The island also has stand-alone souvenir shops. Check out Boracay Gift Shop along the island’s main road, facing Crafts Boracay. Boracay Gift Shop carries handmade soaps by the Atis, the indigenous and original residents and land owners of the island. They make soap as part of their livelihood. Some stores at D’Mall also sell these handmade soaps.
After all the walking and outdoor activities, one of the best ways to relax is to have a massage.
Tired feet can be fully relaxed, while treating other body pains, through a foot reflexology massage. A recommended and one of the popular spas is Footzeez at D’Mall (foot massage usually starts at P400). Massage therapists here are all licensed by the Department of Health, with some even carrying international licenses.
You can also get a full-body massage from locals by the beach. Rate usually starts at P300.
For a relaxing full-body massage plus other spa packages like a detox and body wraps, Mandala Spa is best, especially if you have the budget. Body massages usually starts at P3,000. Mandala Spa has also been awarded the ASEAN Green Hotel Award for its environment-friendly practices.
Saturday is beach cleanup day in Boracay, particularly on White Beach.
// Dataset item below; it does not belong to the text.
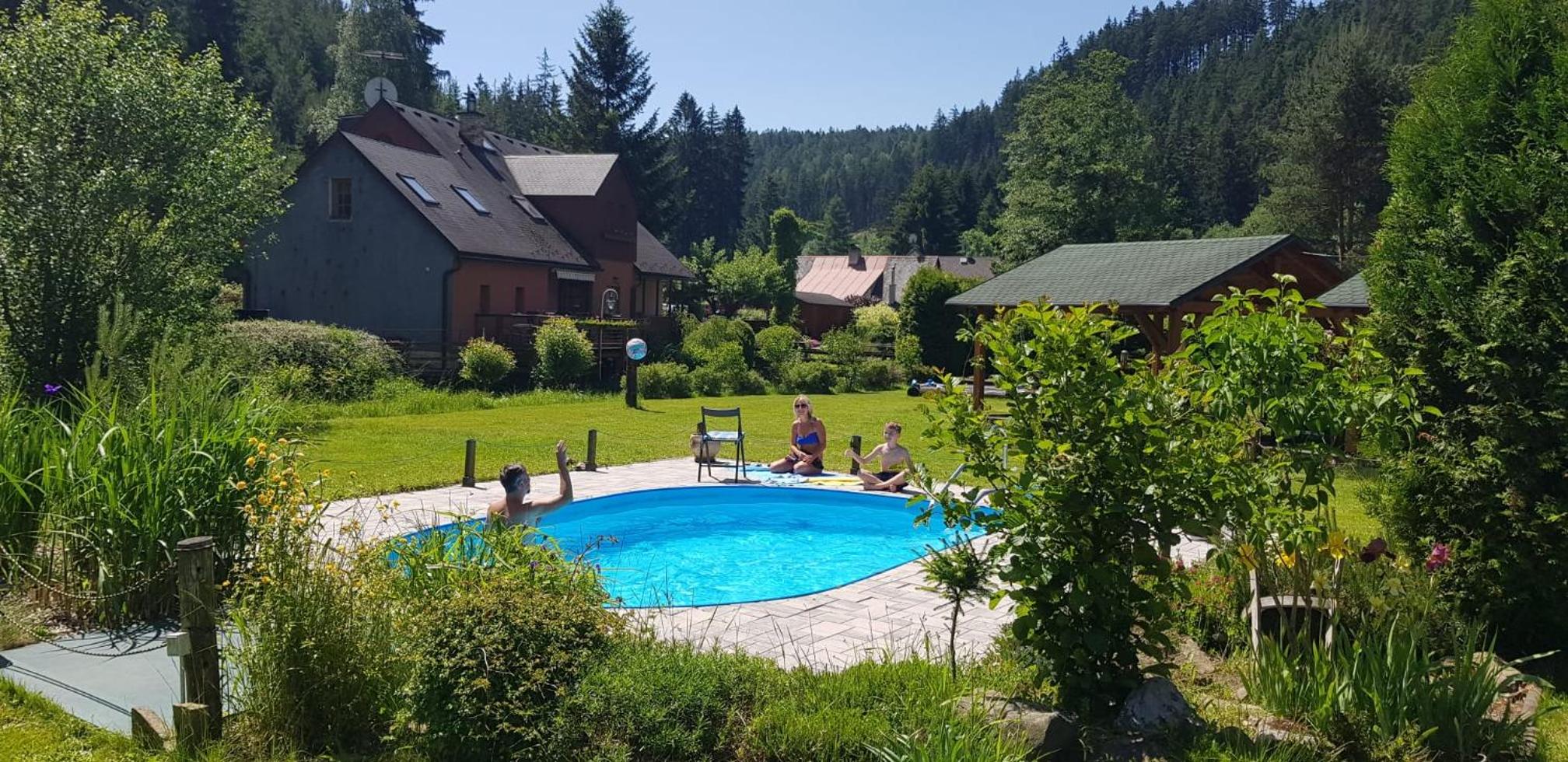 Podskalí Adršpach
This is usually an informal initiative by different organizations. You can ask the people at your accommodation where you can go if you want to join the cleanup. Or, simply walk along White Beach in the morning and you might just find the groups picking up trash. Boracay Foundation also occasionally holds cleanups as well as other volunteer activities. You can contact them at firstname.lastname@example.org in advance to inquire if there are any activities lined up during your trip.
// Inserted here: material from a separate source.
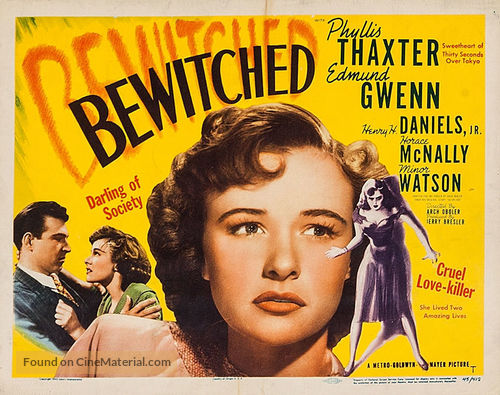 Bewitched - Movie Poster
Boracay is home to bats, particularly flying foxes, a species of that is endangered. These bats are mainly responsible for pollinating crops and trees to bear fruit. The non-government organization Friends of the Flying Foxes regularly holds observations and counting of bats events in the evening, where tourists can help. Check their Facebook page if there are any bat count activities during your Boracay trip. They also accept donations, as they plan to do more wildlife research and to raise more awareness.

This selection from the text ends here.